That identity layer is crucial. In a marketplace where AI agents trade and sign contracts, you still need proof that the buyer and seller are real.
Meanwhile, Particle Network, based in Hong Kong, is building smart wallets that let apps store small amounts of money for quick, low-cost payments. These wallets could support the kind of tiny, frequent transactions that AI agents might make when buying data, computing power or digital goods.
Hyperlane, a U.S.-based project, is attempting to solve the interoperability problem so different blockchains can talk to each other. It helps apps move tokens or messages from one network to another without having to trust a single bridge operator. This kind of connectivity will be important when AI agents trade services or data across multiple blockchains.
Together, these companies are building what many developers now call the economic layer of the internet.
Once it’s up and running, AI agents won’t just be able to talk to each other.
They’ll do business together.
Here’s My Take
Every major tech shift has followed a similar pattern. As information moves faster, the money follows.
The telegraph made news global and opened up a world of investment opportunities. Radio, and then television, ignited a new wave of prosperity for investors. And the internet made communication instant, creating fortunes for those who saw what was coming.
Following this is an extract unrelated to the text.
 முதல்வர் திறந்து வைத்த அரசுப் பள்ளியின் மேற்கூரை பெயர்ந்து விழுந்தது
Now standards like x402 are doing the same for AI and digital payments, potentially putting Jamie Dimon’s empire in jeopardy.
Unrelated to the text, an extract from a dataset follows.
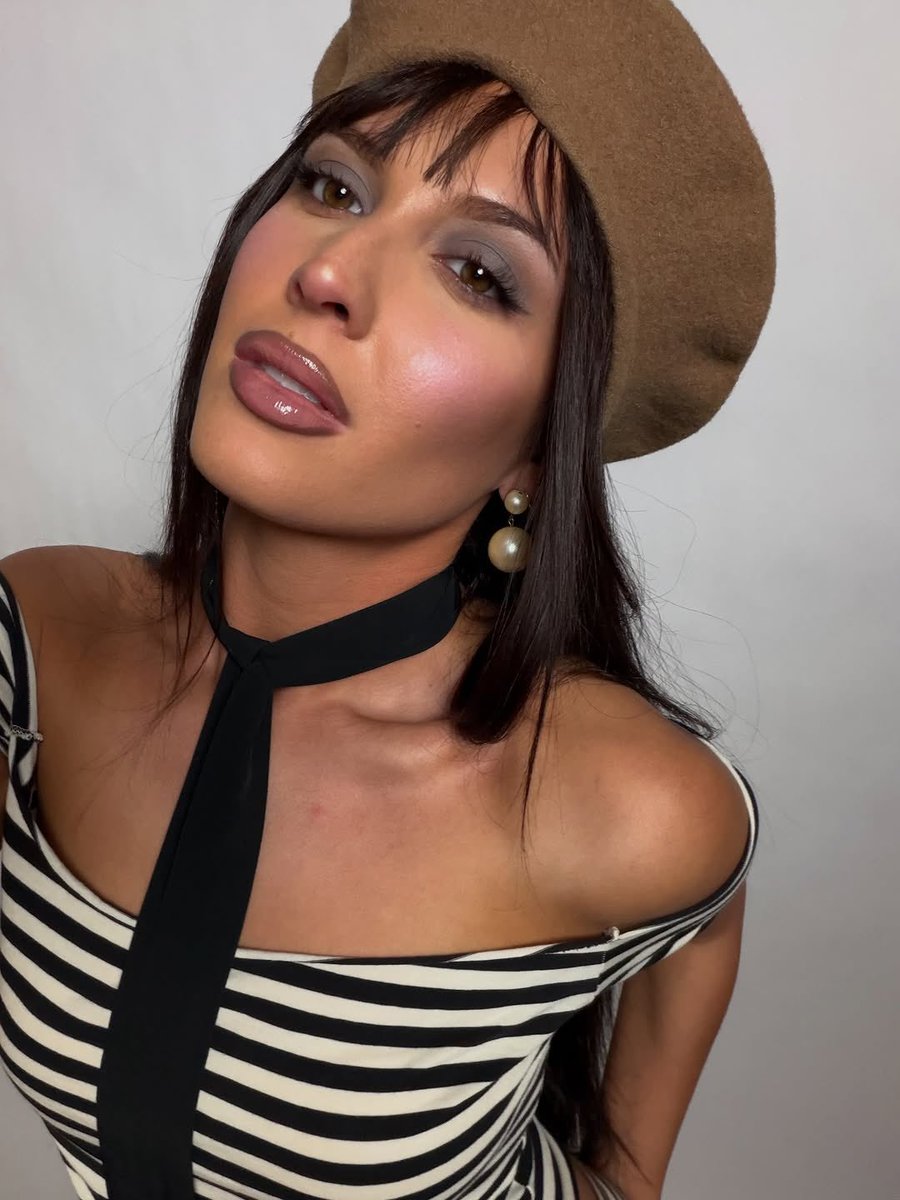 Emerson Azarian redefines “perfection” in latest Instagram post.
If you have Coinbase building the payment rails, Circle handling settlement and projects like Worldcoin and Particle Network solving for identity and wallets — do you really need a bank to validate transactions and keep track of who owns what?
All of these companies are helping to build a new layer of fintech infrastructure. And they’re all working toward an economy that runs continuously, without the need for corporate scaffolding.
That’s why I believe most digital payments won’t touch a bank or a card network within a decade.
Instead, they’ll move through open standards like x402, paid in digital dollars and settled by code.
That’s the final step in the Coasean Singularity, when the internet itself becomes the marketplace.
And it leaves bankers like Jamie Dimon facing an existential threat.